De esta manera, indicó que para los años 2015 y siguientes la copropiedad perteneciente al Grupo 3 debe llevar su información financiera con base en el marco técnico normativo del Decreto 2706 del 2012, modificado por el Decreto 3019 del 2013, compilado en el Decreto 2420 del 2015 (DUR de las normas de Contabilidad, Información Financiera y de Aseguramiento de la Información), es decir, para microempresas.

 

Así las cosas, los primeros estados financieros son con corte al 31 de diciembre del 2015. Llevar un cronograma diferente al establecido es una violación directa de una norma legal. Por lo tanto, si la copropiedad no ha preparado su información de acuerdo con la nueva normativa debe establecer los efectos retroactivos surgidos del nuevo marco y tratar los ajustes como corrección de errores, afectando la información comparativa desde el año 2014.

 

Papeles de trabajo

 

De otra parte, agregó la entidad, los libros de contabilidad, estados financieros, notas a los mismos, soportes internos y externos, actas y demás documentos son de la copropiedad, por lo que el contador no puede retenerlos. Sin embargo, los papeles de trabajo son de su propiedad exclusiva, de acuerdo con lo previsto en el artículo 9 de la Ley 43 de 1990.

 

El contador público debe llevar la contabilidad con base en el marco técnico normativo correspondiente, de manera que suministre información clara, completa y fidedigna de los hechos económicos y, en el caso de emitir un certificado de liquidación de deuda, hacerlo cumpliendo disposiciones legales y estatutarias.

 

No existe una norma que defina como tal un estado de cuenta y certificación de la deuda.

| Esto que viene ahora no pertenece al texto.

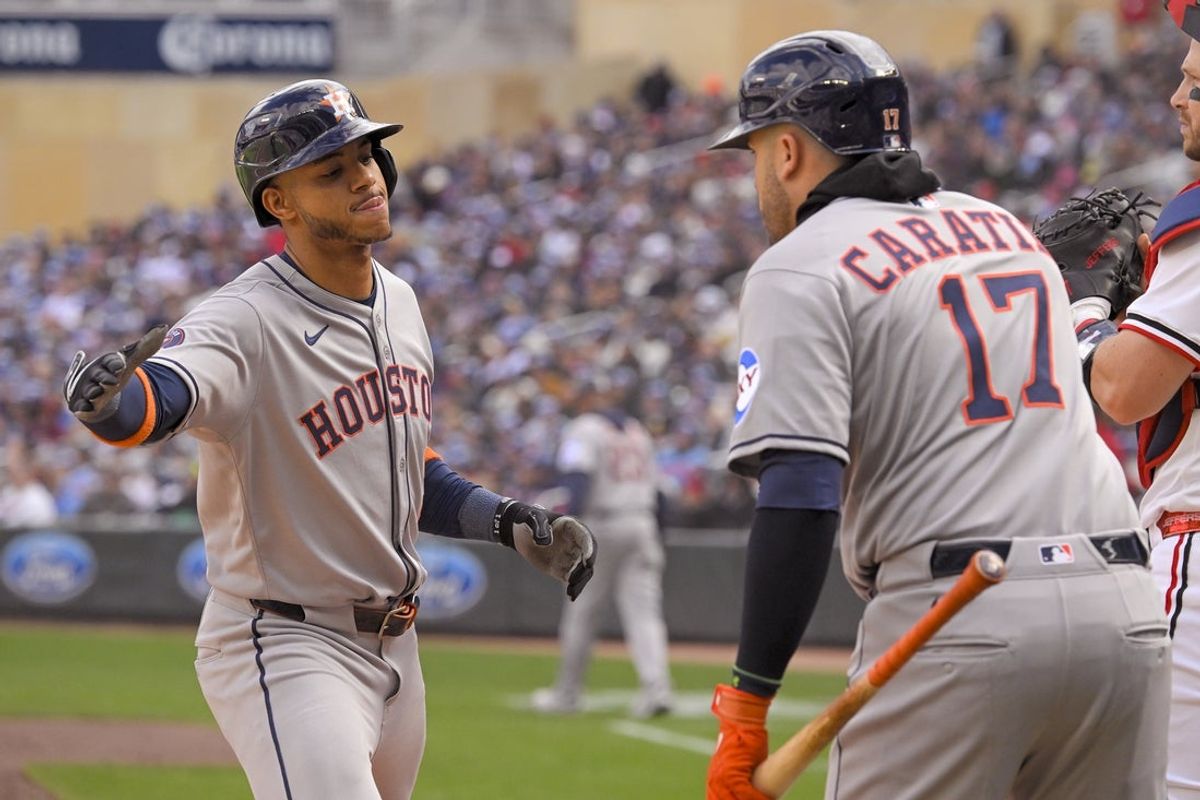 Apr 3, 2025; Minneapolis, Minnesota, USA;  Houston Astros infielder Jeremy Pena (3) celebrates his solo home run against the Minnesota Twins with catcher Victor Caratini (17) during the second inning at Target Field. Mandatory Credit: Nick Wosika-Imagn Images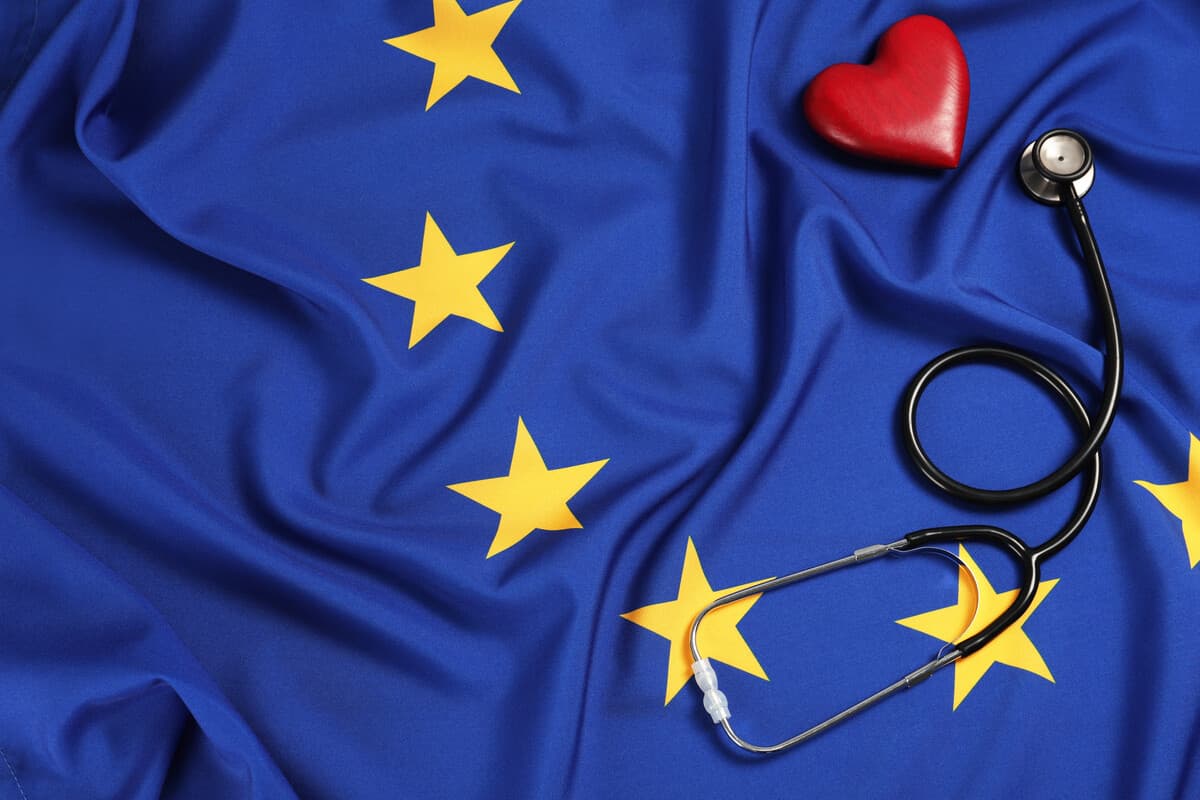 Bandeira da União Europeia com um estetoscópio médico e um pequeno coração vermelho. Benefícios da cidadania europeia: descubra as vantagens de ter um passaporte da União Europeia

No obstante, este puede definirse como un documento que informa sobre los movimientos de cargos y pagos de las cuotas ordinarias y extraordinarias de un copropietario de forma resumida y periódica, mostrando los saldos a cargo o a favor, mientras que aquella sería un documento que específica el monto de la deuda del copropietario.

 

Código de ética   

 

El profesional contable que prepare los estados financieros no debe auditarlos ni contratar una auditoría externa, pues violaría el código de ética, según el cual deberá tener y demostrar absoluta independencia mental y de criterio con respecto a cualquier interés que pudiere considerarse incompatible con los principios de integridad y objetividad.

 

Por último, señaló el Consejo, aunque las copropiedades no tienen una supervisión específica, deben realizar la implementación de las normas internacionales, con el fin de presentar información financiera bajo los estándares requeridos a los usuarios externos de la información, así como a las autoridades que eventualmente la soliciten.